Baseball: Conig's Comeback | TIME

Publish date: 2024-07-14

His first pitch came in tight. I jumped back and my helmet flew off. There was this tremendous ringing noise. I couldn’t stand it. Just a loud shriek all over me. I was trying to find some place in my mouth where I could get air through, but I couldn’t breathe. I kept saying to myself, “Oh, God, let me breathe.” I didn’t think about my future in baseball. I just wanted to stay alive.

Thus did Boston Red Sox Outfielder Tony Conigliaro describe that terrible night of Aug. 18, 1967, when a ball thrown by California Angels Pitcher Jack Hamilton smashed into his left temple. He was injured so severely that doctors predicted he would never play professional baseball again. But Conigliaro fought an extraordinary battle to prove the doctors wrong. Last week, as the Grapefruit Circuit closed, the 24-year-old Conigliaro was not only back in uniform but whacking the ball with the gusto and effectiveness of old.

Hopelessly Blurred. The League’s pitchers have not forgotten Conigliaro. In 1965, his second season with the Red Sox, the 6-ft. 3-in. slugger from Swampscott, Mass., hit 32 home runs to lead the American League. The following year, he cracked 28 home runs. When he was cut down in Fenway Park, he was batting .287, had belted 20 home runs and had played a major role in the campaign that eventually landed Boston its first pennant in 21 years.

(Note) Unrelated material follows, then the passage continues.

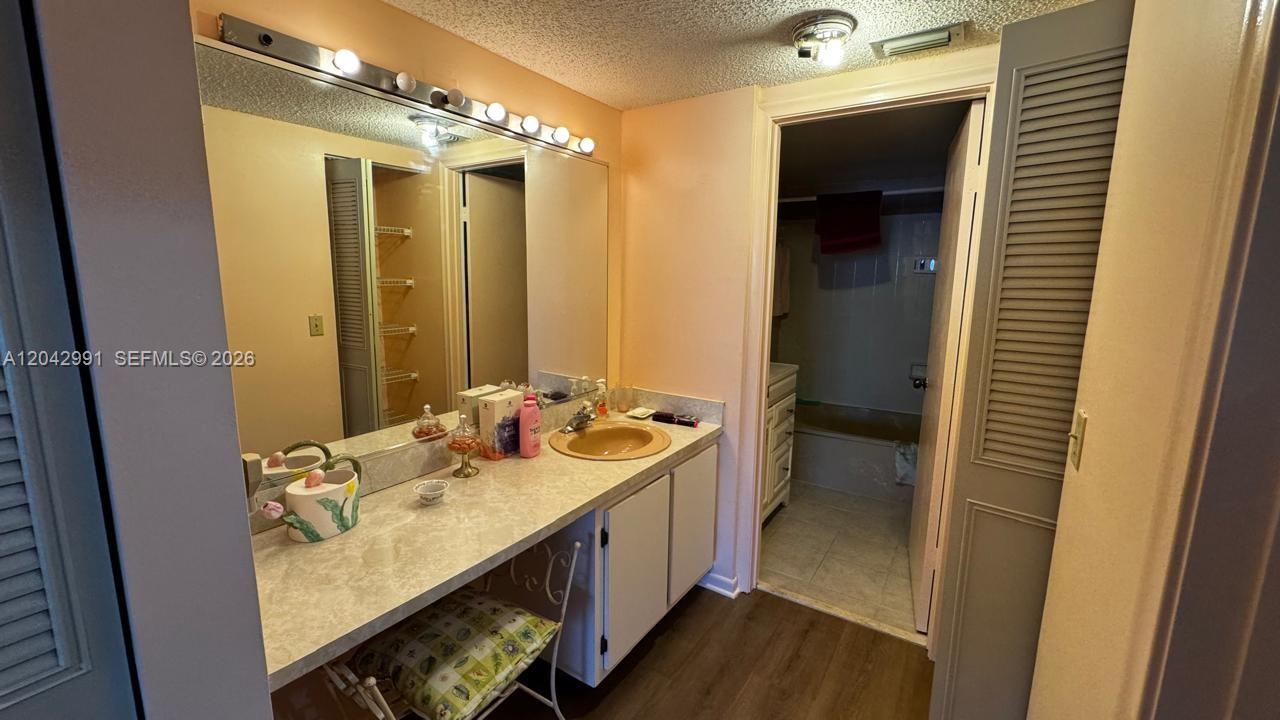A12042991 Property Photo 5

But there was no World Series for Tony that year. The pitched ball had fractured his cheekbone in three places and dislocated his jaw; it also left him completely blind for 48 hours after the accident. When he was released from the hospital eight days later, the imprint of the baseball’s stitches was still visible on his brow, and the vision of his left eye was hopelessly blurred.

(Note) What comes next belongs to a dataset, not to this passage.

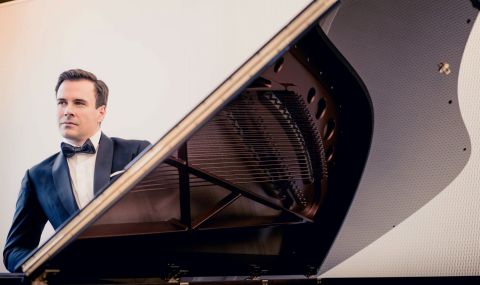 Симеон Гошев пристига с роял "Бьозендорфер" за концерта си в неделя - 1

Neither Tony nor his family would quit. His mother said novenas to St. Jude (patron saint of hopeless cases). His father offered his eyes for transplants. The experts sadly shook their heads. Tony was through, they said. The force of the blow had punched a tiny hole in his retina, thus causing a loss of depth perception, a hitter’s most valuable asset. Tony still insisted on going to spring training last year, but his performance only confirmed the medical diagnosis. In batting practice he missed pitches by a full foot. In exhibition games he struck out constantly. Finally, after fanning three times against the Washington Senators, he stormed into the clubhouse and, as one observer recalled, “nearly tore the place apart.”

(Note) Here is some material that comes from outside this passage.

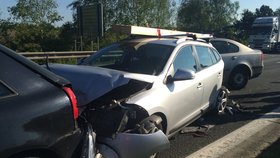Hromadnou nehodu zažila dnes ráno D11 na 3. kilometru ve směru na Prahu, kde se střetlo 7 osobních vozidel. Došlo k několika zraněním.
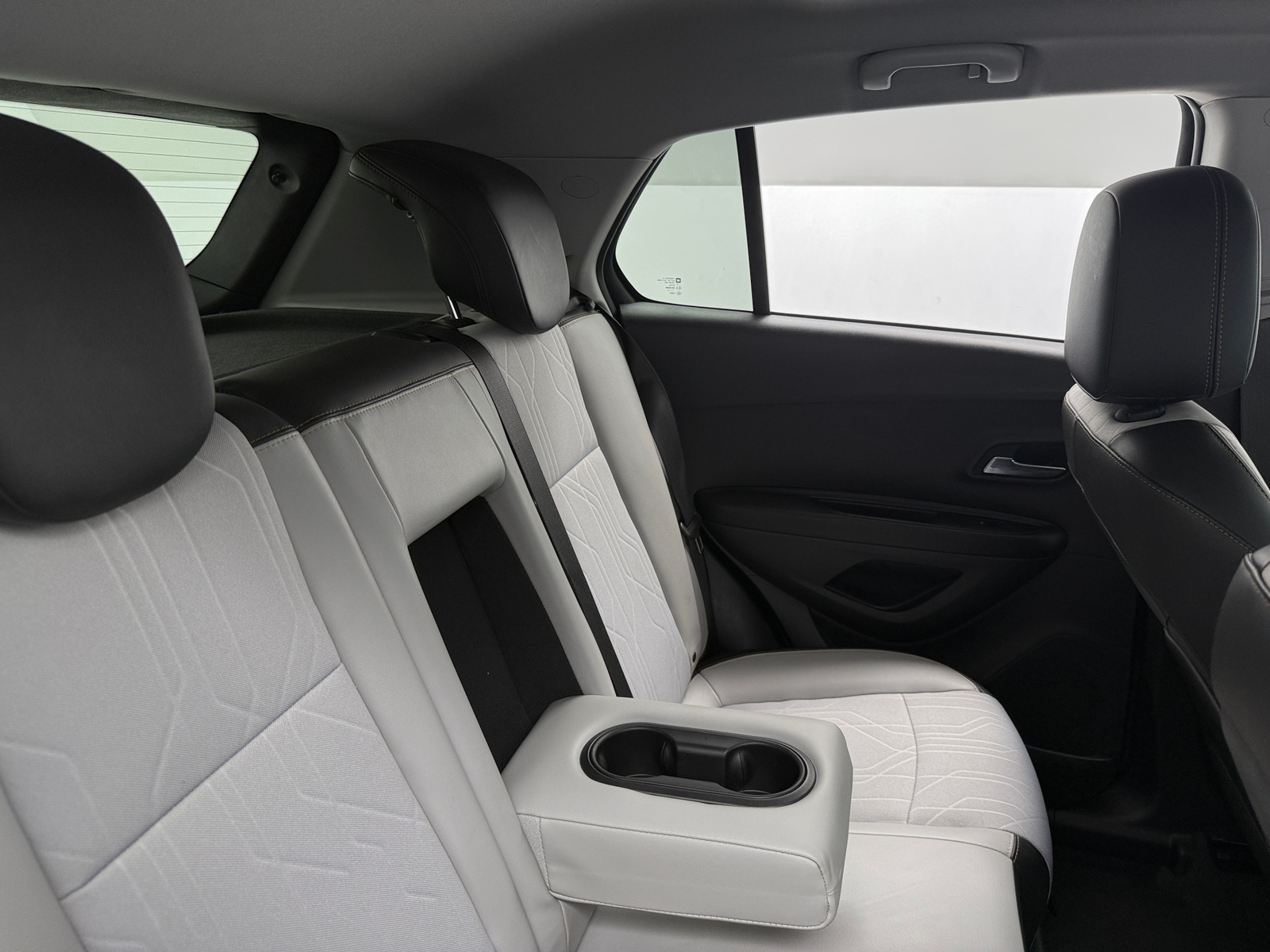 Thumbnail: 2020 Chevrolet Trax - 6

Said Red Sox Trainer Buddy LeRoux: “How can you blame a 23-year-old kid who finds out he can’t see?”The handsome slugger then took a halfhearted swing at entertainment. At St. Mary’s High School in Lynn, Mass., he had proved as accomplished onstage as on the diamond, so he traded on his name to land bookings on Cape Cod and around Boston. He sang once on the Johnny Carson Show and cut several records, but it was clear that he was not destined to be the next Sinatra. Conigliaro could not have cared less. “I would rather have played baseball for nothing,” he recalls.

Swinging Ever Since. Tony made another comeback try in November—this time as a pitcher in the Florida Instructional League. “I got bombed in my second start,” he admits. In that same game, however, he lined two clean hits. Inexplicably, Tony’s vision had improved from 20/300 to 20/20, and his eyesight was pronounced normal by puzzled doctors at Boston’s Retina Foundation. “When I heard the news,” he says, “I ordered a supply of bats.”

He has been swinging them ever since. After rejoining the Red Sox this spring, Boston Manager Dick Williams says, “Tony regained his touch and started stinging the ball. He’s looked like the old Conig.” Conigliaro himself says he can now “get his eye on the spin of the ball,” recently proved it by whacking a single and a home run to lead the Red Sox to a 4-3 victory over the Cincinnati Reds. “Tony never doubted that he could do it,” says Williams, “and he made believers out of all of us.” Tony has made such a believer of Williams, in fact, that the Red Sox manager will start him in right field position this week in the season’s opener against Baltimore.